The country’s growing public debt, which stood at GH¢205 billion as at the end of July 2019, remains the biggest worry for the International Monetary Fund (IMF).
At a recent meeting with the Finance Committee of Parliament, the team from the Bretton Woods Institution expressed concern about the high rate of debt accumulation by the country which is as a result of the government’s inability to mobilise enough domestic revenue to finance its activities.
Speaking in an interview with the GRAPHIC BUSINESS, a Member of the Finance Committee and the Member of Parliament for Bolgatanga Central, Mr Isaac Adongo, said the position of the IMF had not changed from the last visit, as the Fund was still worried about the rate of debt accumulation in the country.
“The IMF is very worried about the growing public debt which is not supported by any investment in capital expenditure.
“They are worried that Ghana, based on a recent debt sustainability analysis, is now classified as basically the only country in sub-Saharan Africa that is at risk of high debt distress,” he stated.
He said the Fund was also worried about the rising fiscal risks in the country.
“I’m talking about the inability to raise sufficient revenue to fund the budget which is leading to a widening of the deficit target.
The government’s fiscal deficit target for the first six months of the year widened from the projected 2.9 per cent of GDP to 3.3 per cent of GDP.
This led to the upward revision of the end of year fiscal deficit target from 4.2 per cent of GDP to 4.5 per cent.
Mr Adongo said the widening of the deficit meant the country was beginning to slip back on its fiscal consolidation efforts which was a major concern to the IMF.

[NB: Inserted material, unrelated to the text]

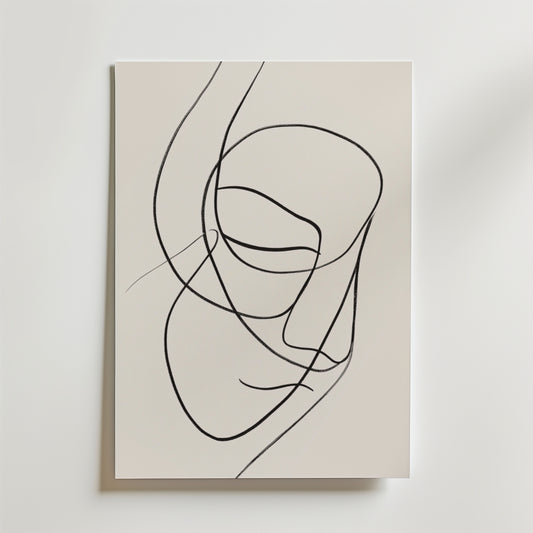 Contemplation Flow Poster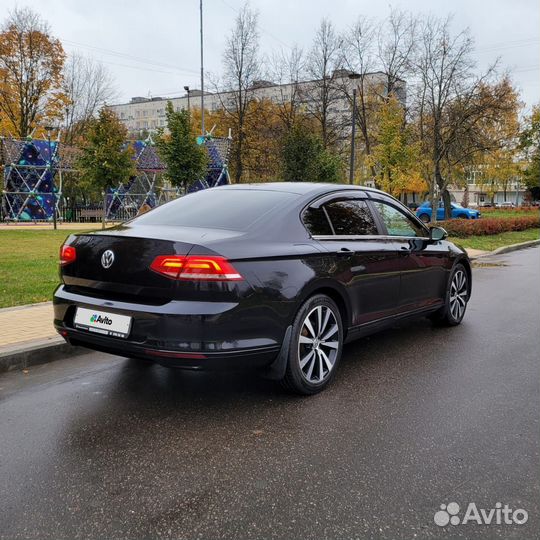 Volkswagen Passat 1.4 AMT, 2015, 215 000 км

“This will mean that we will have growing debt levels which will wipe out our fiscal space. This, coupled with the challenges of raising revenue, will mean that our rate of debt accumulation going forward is going to rise significantly and the IMF is obviously worried about that,” he said.
Slowdown in economic growth
The Minority Spokesperson on Finance also noted that the IMF team was very clear that the country’s economic growth had slowed down.
“The revised growth that was originally projected at about 8.8 per cent is now being projected to slow down to between 5.6 per cent to seven per cent.
“If you consider that about a year earlier we were growing at about eight per cent, then that is a slowing down of economic growth. And this is underpinned by three consecutive quarters of slowdown in economic growth compared to 2018 as released by the Ghana Statistical Service.
“So a major red flag from the IMF was the fact that the growth of the economy is slowing and that tells you that the level of economic activities that is required to elevate people out of poverty and to get people to earn a living are beginning to dwindle,” he said.
Collateralisation of future revenues
He said another area of concern to the Fund was the collateralisation of future revenues.
“You noticed that the government is currently borrowing on account of future revenues.The GETFund proceeds are going to drop significantly because a lot of it would have to finance the ??US1.5 billion?? that the government is raising for GETFund now and mineral royalties are going to disappear because the money will be used to finance the US$750 million of royalty income for the next 10 to 15 years that has been mortgaged.
“There is also the mortgaging of some minerals that are yet to be produced, with regard to the Sinohydro deal which will mean you are going to see revenues that were supposed to come to the state but those revenues have already been spent,” he explained.
“So how are we going to fund development going forward?And the IMF is clearly very worried about that,” he stated.
Impressed with economic management
The Chairman of the Finance Committee of Parliament, Dr Mark Assibey-Yeboah, addressing the media after the meeting. said overall the IMF were impressed with the management of the economy.
“Inflation is now at 7.8 per cent and if you look at the trend over the past 13 months or so, it's not expected to rise," he said.
He said the team from the IMF also praised the country for the smooth nature in which it had undertaken the banking clean-up exercise.
"Regarding the banking sector clean-up, what I gathered from them was that the whole process had been smooth and it really amazed them,” he said.
“For you to resolve all these banks, microfinance institutions and savings and loans companies within a short period and still have financial stability, those at the helm must be doing something fantastic. What they have achieved is amazing," he added.
Article IV consultations
The 12-day Article IV Consultations, which ended last Thursday, formed part of the IMF’s mandatory multilateral surveillance for all member countries.
They are the first Article IV Consultations since Ghana successfully exited the four-year IMF-supported external credit facility programme in April.